*** PROVIDED MATERIAL
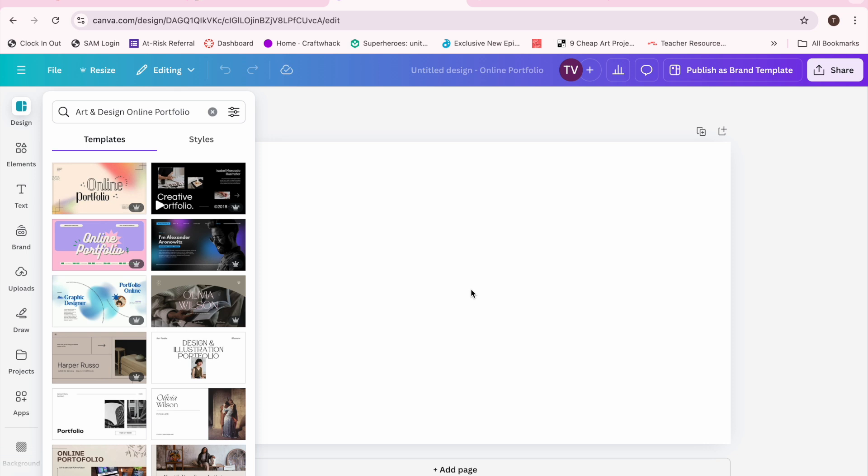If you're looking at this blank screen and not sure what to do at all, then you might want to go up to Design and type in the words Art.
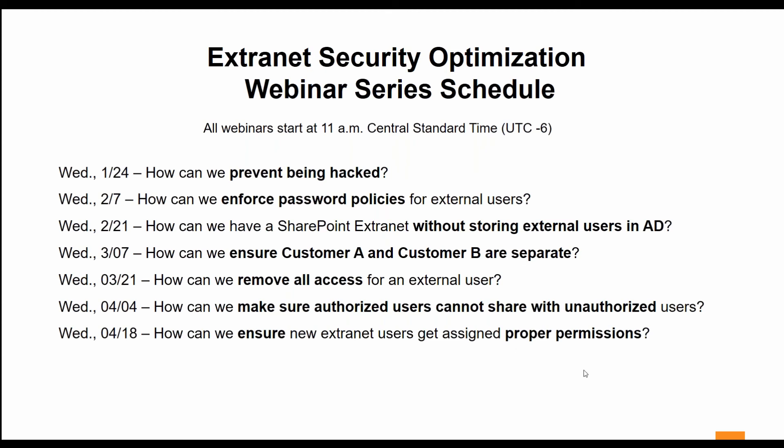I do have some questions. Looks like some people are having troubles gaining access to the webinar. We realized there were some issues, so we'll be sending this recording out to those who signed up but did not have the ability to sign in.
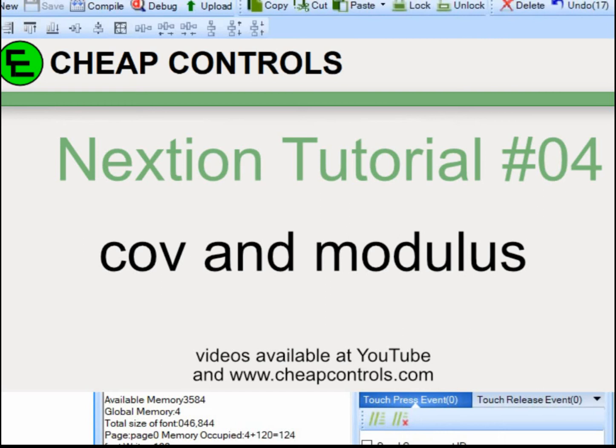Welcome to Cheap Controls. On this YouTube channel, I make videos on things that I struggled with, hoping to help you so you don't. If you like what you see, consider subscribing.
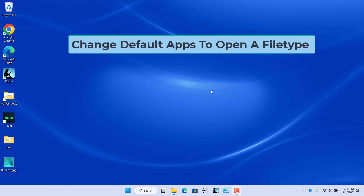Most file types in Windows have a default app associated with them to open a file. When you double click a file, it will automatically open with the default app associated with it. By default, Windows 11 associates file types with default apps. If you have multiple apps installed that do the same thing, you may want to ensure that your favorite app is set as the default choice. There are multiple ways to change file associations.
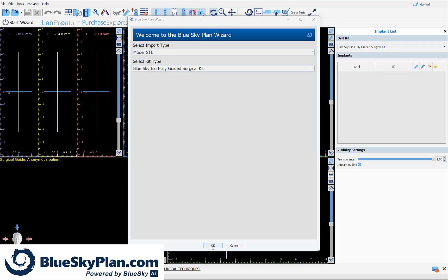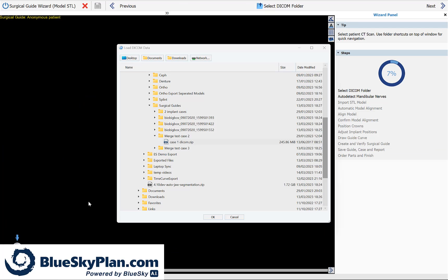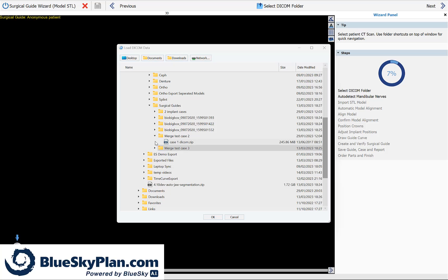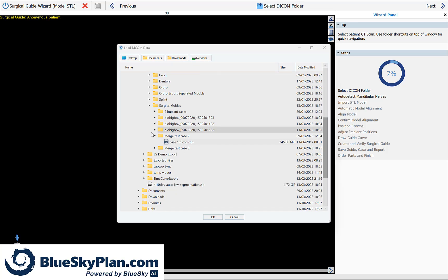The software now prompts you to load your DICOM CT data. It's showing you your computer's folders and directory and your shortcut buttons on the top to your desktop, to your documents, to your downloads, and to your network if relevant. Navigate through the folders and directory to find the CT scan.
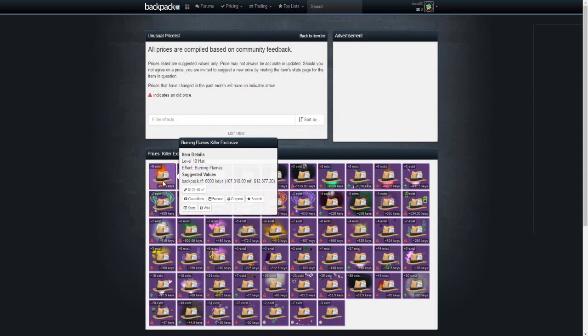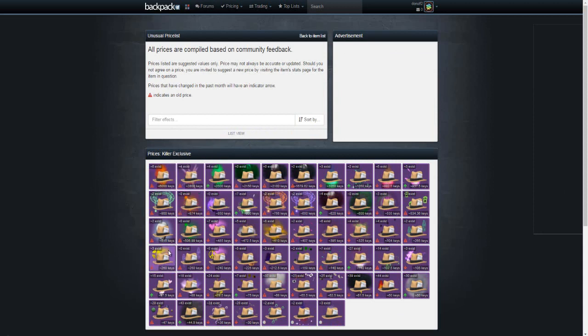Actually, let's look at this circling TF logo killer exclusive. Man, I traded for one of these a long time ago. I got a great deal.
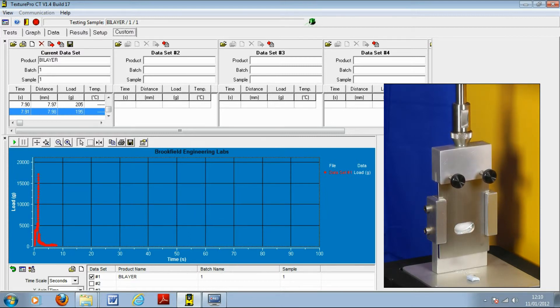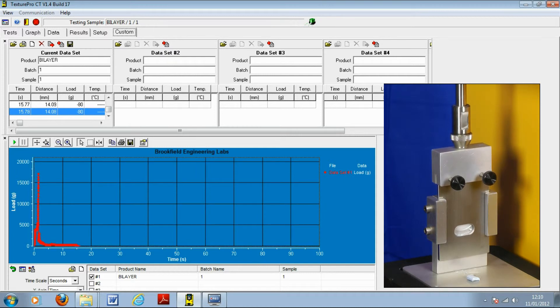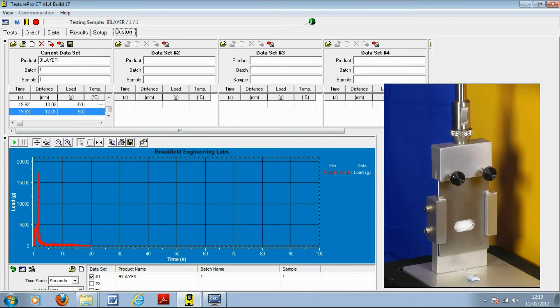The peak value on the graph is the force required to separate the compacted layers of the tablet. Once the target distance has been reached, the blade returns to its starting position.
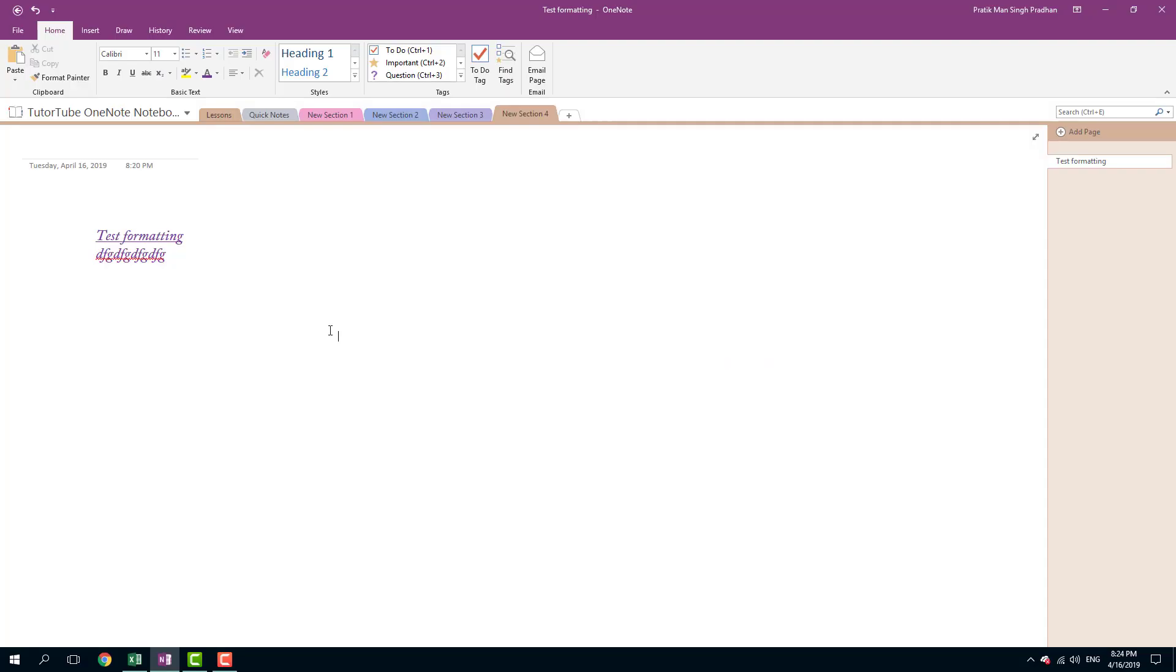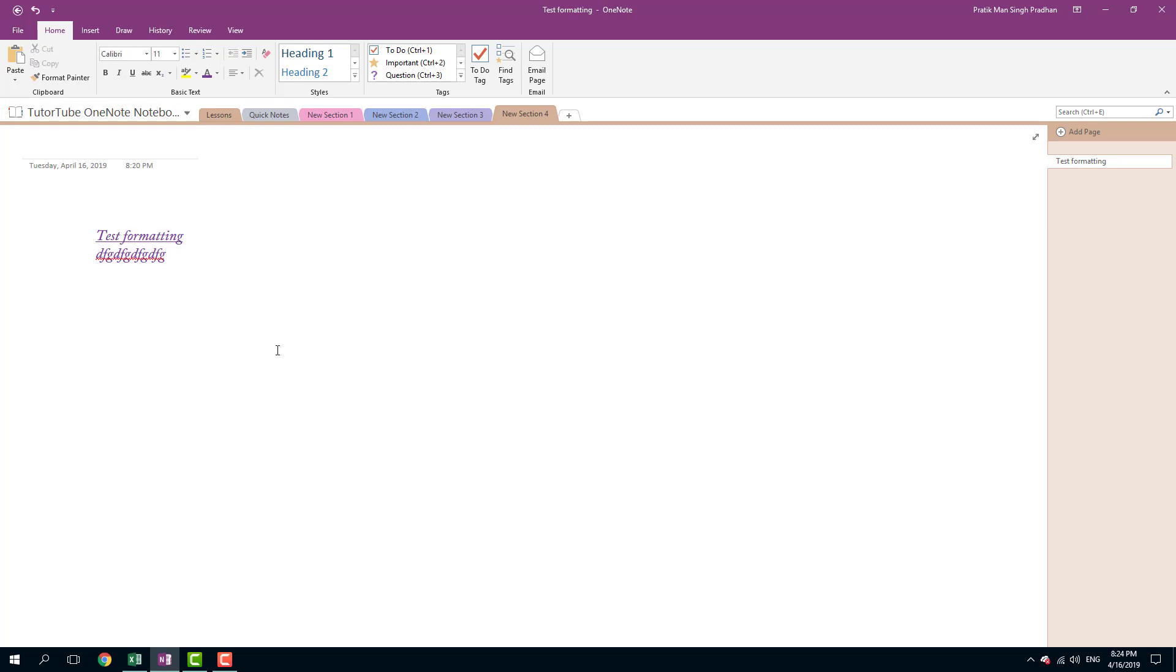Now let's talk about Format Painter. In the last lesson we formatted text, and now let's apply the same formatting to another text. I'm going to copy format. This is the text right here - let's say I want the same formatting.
******
Transcribe the span of lines that runs from the line with "Actually, let's look" to the end of the data, both ends included, exactly, with nothing else and no pictures.

Actually, let's look at this circling TF logo killer exclusive. Man, I traded for one of these a long time ago. I got a great deal.
The peak value on the graph is the force required to separate the compacted layers of the tablet. Once the target distance has been reached, the blade returns to its starting position.
Now let's talk about Format Painter. In the last lesson we formatted text, and now let's apply the same formatting to another text. I'm going to copy format. This is the text right here - let's say I want the same formatting.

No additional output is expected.